(COLLECTED DATA)
# # # #
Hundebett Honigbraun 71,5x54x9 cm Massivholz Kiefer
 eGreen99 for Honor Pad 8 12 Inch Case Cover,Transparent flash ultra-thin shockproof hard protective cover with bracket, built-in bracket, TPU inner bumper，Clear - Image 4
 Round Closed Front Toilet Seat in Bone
# # # #
(WORK TO COMPLETE) Word for word, write out all of the data above.

(RESPONSE FOR THIS EXERCISE)
Hundebett Honigbraun 71,5x54x9 cm Massivholz Kiefer
 eGreen99 for Honor Pad 8 12 Inch Case Cover,Transparent flash ultra-thin shockproof hard protective cover with bracket, built-in bracket, TPU inner bumper，Clear - Image 4
 Round Closed Front Toilet Seat in Bone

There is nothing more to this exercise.